I love bicycle retail stores. I go overseas on vacation and I can’t wait to visit a few bike shops. Even if it’s only for the experience of being inside a bike shop. I like bicycles and everything that goes with it so much that when I left my job as publisher of Getaway magazine I opened a bike shop without even intending to open a bike shop. So, I don’t only visit and buy from bike shops I also own one (actually its “we” own a bike shop but I write ‘I’ because these are my personal musings). So, not only do I enjoy bike stores I also work in one – almost six days a week.

Our store is a one-brand store. A Specialized Concept Store. Some cycle shops are moving in this one-brand concept store direction (usually driven by the importer/distributor). Pretty much like motor dealers are single brand automotive suppliers. These importers show huge confidence in our economy. Many stores are multi-brand stores. Both models work. For consumers and owners.

It is challenging for many bike brands to go the concept store route. The brand has to have a really solid importer with proven track record of consistent and reliable supply. The bike brand has to have depth in models, sizes, price points, colours, accessories, apparel, spares and shoes. Shop identity, advertising, sponsorships, ambassadors and social media platforms are all part of going the Concept Store route.
Ultimately, it’s all about the rider experience from shopping to buying to servicing and repairing to riding and everything else in between. Expensive to shop fit and fill up with new bikes and all the extra goodies.

The contribution to the South African general economy by the bicycle collective (importation, distribution, retail sales, service and repairs, employment, and YOU, the buyers of bicycles) is huge. Specifically, each bicycle retailers’ contribution to taxes in the form of VAT, business tax, personal income tax and import duty is a significant part of this contribution to the state’s coffers. More than that, each bike shop employs many people from that part of the unskilled populace that desperately need jobs. We take many unqualified people and give them skills, self-respect and the ability to look after their dependents and to contribute positively to South Africa’s economy.

Brick and mortar bicycle stores are the hub of the wheel of the activity of owning and riding a bicycle. The spokes are trails, bike parks, trail builders, races, bike tours, insuring your bike, coaching, bike magazines and websites etc. – all contributing even more to ancillary entrepreneurs and, therefore, to the employment market and the broader economy. I don’t blame you for asking: Cool, but why are you telling me all this?
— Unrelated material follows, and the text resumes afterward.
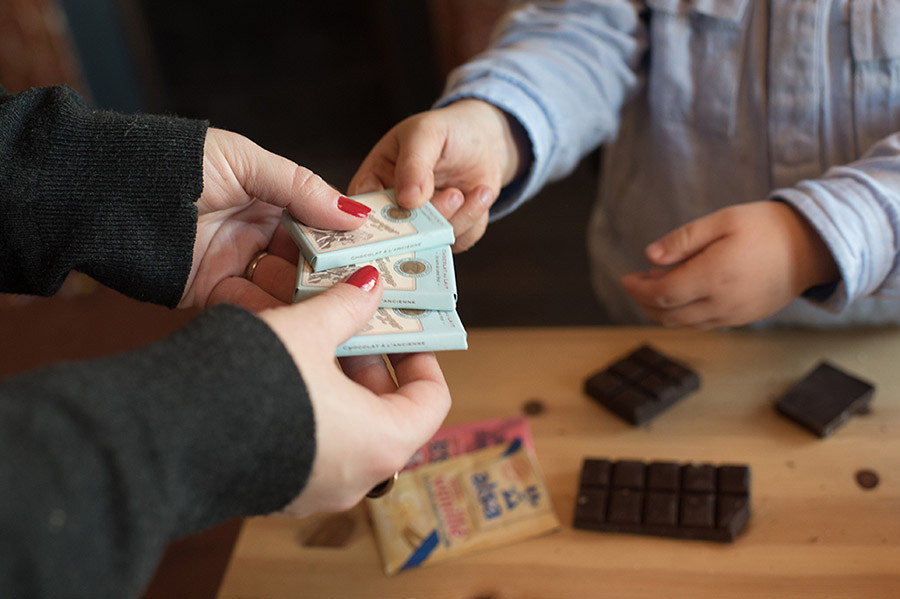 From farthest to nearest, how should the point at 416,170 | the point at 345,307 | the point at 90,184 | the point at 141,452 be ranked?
the point at 416,170, the point at 90,184, the point at 345,307, the point at 141,452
The April/May issue of Full Sus had a news snippet on a “new bike brand” now available in South Africa. Knowing that they are an online bike supplier I decided to visit their website to do some research on their business model. In the simplest of terms, the brand designs and manufactures their bikes in Europe.
You log into their online store. You choose what you want. Make payment. They send the bike to you. It arrives. You pay import duty and VAT.
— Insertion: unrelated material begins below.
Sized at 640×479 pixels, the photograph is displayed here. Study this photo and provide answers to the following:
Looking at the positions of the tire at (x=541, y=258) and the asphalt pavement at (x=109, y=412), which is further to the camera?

When you follow the international direct sales route, your money leaves our local economy and enters another country’s economy. In South Africa your purchase of any direct sales brand bicycle does NOT contribute to …
+ growing the employment pool in the bike industry (importers/distributors/courier companies and bike shops)
+ training unskilled people into skilled employees and even entrepreneurs
+ your local bike shop’s ability to pay its rent to the landlord
+ your bike shop being part of the banking system
+ generating profits for your bike shop
+ helping employee’s feed their families and pay their rent
+ growing entrepreneurship is South Africa
+ maintaining and upgrading the store

I believe you get my point – buying your bike directly from overseas contributes almost nothing to the retail bike industry in South Africa or to the general economy of your country of residence. Brands like Giant, Santa Cruz, Specialized and many others are invested in our economy and committed to our brick and mortar retail bikes shops. Importers and distributors, along with their preferred retailers, are investing in these brands and in our economy and risking their capital in a volatile economic environment. This does not apply to direct-sales, bike-brand business models in Germany or the USA who can decide tomorrow to no longer sell to South African customers without any repercussions or losses.
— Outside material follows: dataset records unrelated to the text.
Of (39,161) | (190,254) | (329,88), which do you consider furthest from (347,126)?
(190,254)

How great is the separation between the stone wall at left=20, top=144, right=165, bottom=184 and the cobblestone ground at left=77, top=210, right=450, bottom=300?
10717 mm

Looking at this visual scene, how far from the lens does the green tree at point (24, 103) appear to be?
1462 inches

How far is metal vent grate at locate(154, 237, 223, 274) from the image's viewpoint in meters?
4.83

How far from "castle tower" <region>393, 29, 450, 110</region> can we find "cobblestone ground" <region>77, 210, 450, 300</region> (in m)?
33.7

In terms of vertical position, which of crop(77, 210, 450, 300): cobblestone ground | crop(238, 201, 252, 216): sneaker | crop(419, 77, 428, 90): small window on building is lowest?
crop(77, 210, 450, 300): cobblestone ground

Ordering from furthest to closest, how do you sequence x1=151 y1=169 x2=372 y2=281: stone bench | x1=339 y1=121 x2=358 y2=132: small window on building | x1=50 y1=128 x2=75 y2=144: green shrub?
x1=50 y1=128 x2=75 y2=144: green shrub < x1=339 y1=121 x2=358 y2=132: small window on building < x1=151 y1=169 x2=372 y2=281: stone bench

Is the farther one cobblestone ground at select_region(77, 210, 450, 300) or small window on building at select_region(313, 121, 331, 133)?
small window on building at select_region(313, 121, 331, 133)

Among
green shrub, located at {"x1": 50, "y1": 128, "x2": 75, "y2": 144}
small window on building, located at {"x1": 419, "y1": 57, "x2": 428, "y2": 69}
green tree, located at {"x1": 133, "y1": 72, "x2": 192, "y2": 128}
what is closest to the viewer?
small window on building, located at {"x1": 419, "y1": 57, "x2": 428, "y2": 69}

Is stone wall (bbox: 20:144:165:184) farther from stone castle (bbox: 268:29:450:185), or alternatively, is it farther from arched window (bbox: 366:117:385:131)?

My advice: if the brand you like does not commit to South Africa, don’t buy it. There is such a huge choice of bikes in our sophisticated bicycle market (arguably the best retail experience in the world) you will find one that will do the job just perfectly. And you’ll be able to talk to someone, get advice, share experiences, bump into your riding buddies and check out all the latest bike products. Better than ticking a few boxes and paying on PayPal.